**LISTED ENTRIES**
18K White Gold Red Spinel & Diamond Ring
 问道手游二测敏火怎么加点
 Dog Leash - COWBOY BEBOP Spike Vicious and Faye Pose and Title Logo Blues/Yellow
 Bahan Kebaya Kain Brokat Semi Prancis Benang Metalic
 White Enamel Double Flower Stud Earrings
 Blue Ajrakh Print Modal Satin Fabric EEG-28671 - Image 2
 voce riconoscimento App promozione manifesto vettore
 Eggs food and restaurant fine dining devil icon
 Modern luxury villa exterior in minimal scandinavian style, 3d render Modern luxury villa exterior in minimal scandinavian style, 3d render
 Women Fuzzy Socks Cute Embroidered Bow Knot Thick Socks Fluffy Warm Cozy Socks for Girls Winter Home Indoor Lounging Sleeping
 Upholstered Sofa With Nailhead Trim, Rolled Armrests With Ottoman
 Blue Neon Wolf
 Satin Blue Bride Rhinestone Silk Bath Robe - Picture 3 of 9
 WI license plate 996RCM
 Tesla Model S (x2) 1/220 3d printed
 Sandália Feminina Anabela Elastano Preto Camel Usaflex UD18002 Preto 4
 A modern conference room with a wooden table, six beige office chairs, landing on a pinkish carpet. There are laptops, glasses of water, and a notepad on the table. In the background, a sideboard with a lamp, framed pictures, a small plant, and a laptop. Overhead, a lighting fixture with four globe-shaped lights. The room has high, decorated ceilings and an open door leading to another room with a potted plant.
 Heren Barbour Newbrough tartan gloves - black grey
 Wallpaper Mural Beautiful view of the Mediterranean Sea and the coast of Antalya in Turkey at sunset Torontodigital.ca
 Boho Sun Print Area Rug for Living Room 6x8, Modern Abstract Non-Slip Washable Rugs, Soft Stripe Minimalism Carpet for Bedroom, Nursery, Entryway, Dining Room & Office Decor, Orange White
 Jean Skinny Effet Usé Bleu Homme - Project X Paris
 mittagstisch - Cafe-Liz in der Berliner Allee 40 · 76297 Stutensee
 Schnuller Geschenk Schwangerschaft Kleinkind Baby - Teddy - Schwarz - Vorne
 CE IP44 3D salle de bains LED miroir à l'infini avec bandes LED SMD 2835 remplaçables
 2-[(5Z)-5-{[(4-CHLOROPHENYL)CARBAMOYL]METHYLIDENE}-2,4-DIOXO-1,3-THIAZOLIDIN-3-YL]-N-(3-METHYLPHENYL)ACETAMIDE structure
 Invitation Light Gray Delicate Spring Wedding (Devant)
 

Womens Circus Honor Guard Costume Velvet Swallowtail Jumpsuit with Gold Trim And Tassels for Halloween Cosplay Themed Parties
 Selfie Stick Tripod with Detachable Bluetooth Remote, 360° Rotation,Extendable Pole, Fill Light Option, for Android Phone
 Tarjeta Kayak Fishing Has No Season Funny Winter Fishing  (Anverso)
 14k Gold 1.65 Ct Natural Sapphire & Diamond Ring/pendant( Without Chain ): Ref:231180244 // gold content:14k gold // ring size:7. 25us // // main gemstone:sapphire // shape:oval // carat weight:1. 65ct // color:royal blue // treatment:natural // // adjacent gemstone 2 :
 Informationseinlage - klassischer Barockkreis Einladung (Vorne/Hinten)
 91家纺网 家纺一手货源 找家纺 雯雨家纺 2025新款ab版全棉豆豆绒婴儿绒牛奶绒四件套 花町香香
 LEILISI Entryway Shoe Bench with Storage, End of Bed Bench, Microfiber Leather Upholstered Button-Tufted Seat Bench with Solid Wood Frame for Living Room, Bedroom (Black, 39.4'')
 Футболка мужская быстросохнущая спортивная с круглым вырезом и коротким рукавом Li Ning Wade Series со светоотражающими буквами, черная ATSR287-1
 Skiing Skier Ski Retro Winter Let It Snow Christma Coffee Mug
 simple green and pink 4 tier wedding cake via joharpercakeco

**TASK OBJECTIVE**
Please reproduce the listing word for word, but only from the line that contains "91家纺网 家纺一手货源 找家纺" to its last line, inclusive.

**YOUR RESPONSE**
 91家纺网 家纺一手货源 找家纺 雯雨家纺 2025新款ab版全棉豆豆绒婴儿绒牛奶绒四件套 花町香香
 LEILISI Entryway Shoe Bench with Storage, End of Bed Bench, Microfiber Leather Upholstered Button-Tufted Seat Bench with Solid Wood Frame for Living Room, Bedroom (Black, 39.4'')
 Футболка мужская быстросохнущая спортивная с круглым вырезом и коротким рукавом Li Ning Wade Series со светоотражающими буквами, черная ATSR287-1
 Skiing Skier Ski Retro Winter Let It Snow Christma Coffee Mug
 simple green and pink 4 tier wedding cake via joharpercakeco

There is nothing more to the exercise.